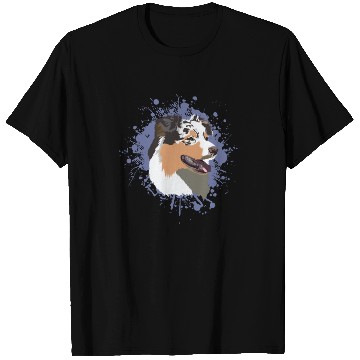 Discover Dog Australian Shepherd Pet Breed T Shirts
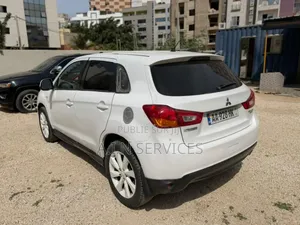 Mitsubishi Outlander 2014 Blanc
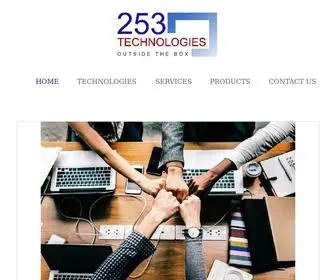 253Tech.co.za(253 Tech) Screenshot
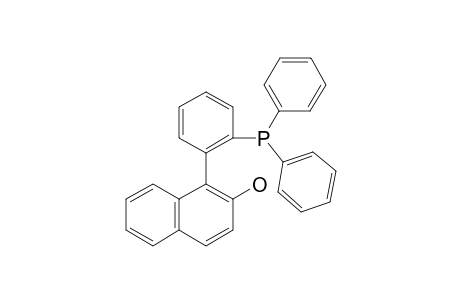 1-[2-di(phenyl)phosphanylphenyl]-2-naphthol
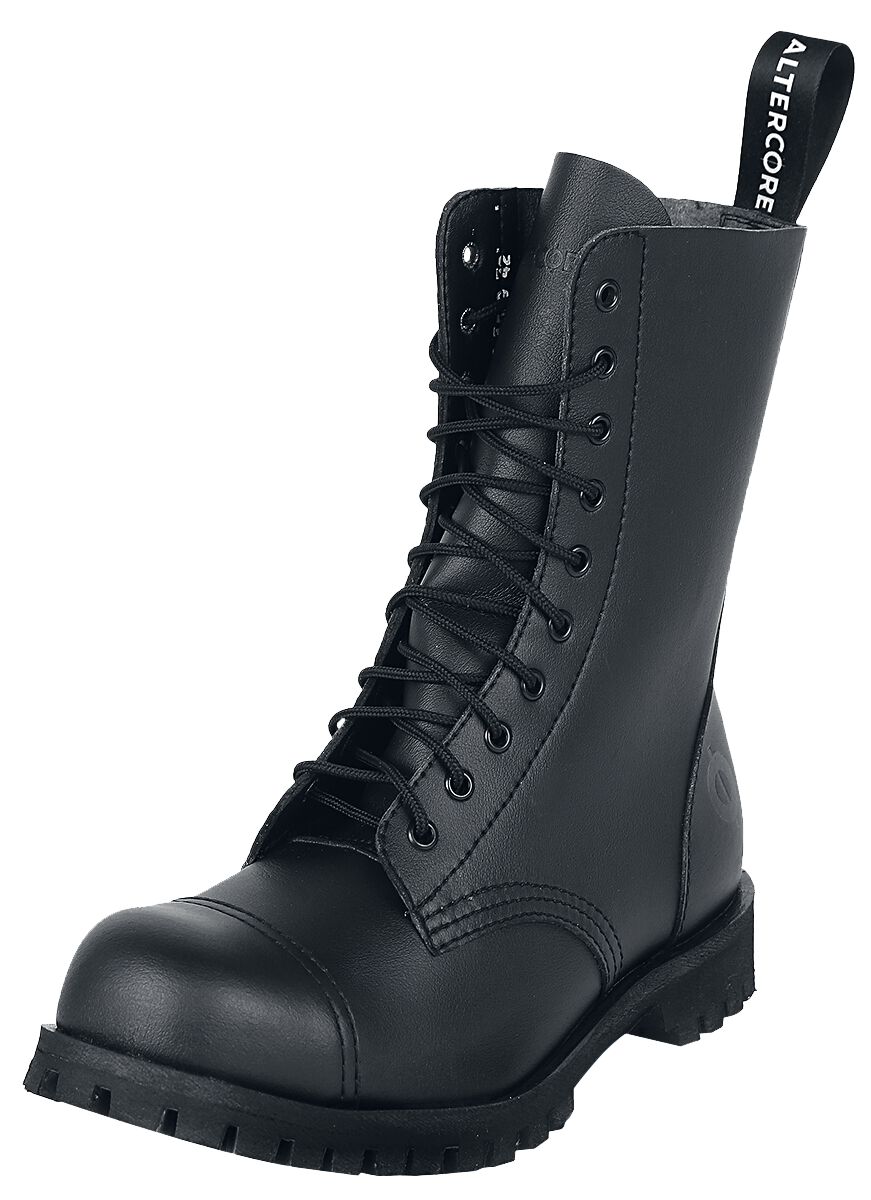 Altercore 551 Vegan Boot schwarz in EU36 von Altercore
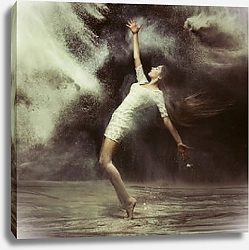 Постер Танцуя с волшебной пылью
+ + +
### EXERCISE AIM
When you reach the line that contains "1-[2-di(phenyl)phosphanylphenyl]-2-naphthol", start copying the listing word for word and stop only after its last line, without any pictures.

### ANSWER SECTION
 1-[2-di(phenyl)phosphanylphenyl]-2-naphthol
 Altercore 551 Vegan Boot schwarz in EU36 von Altercore
 Постер Танцуя с волшебной пылью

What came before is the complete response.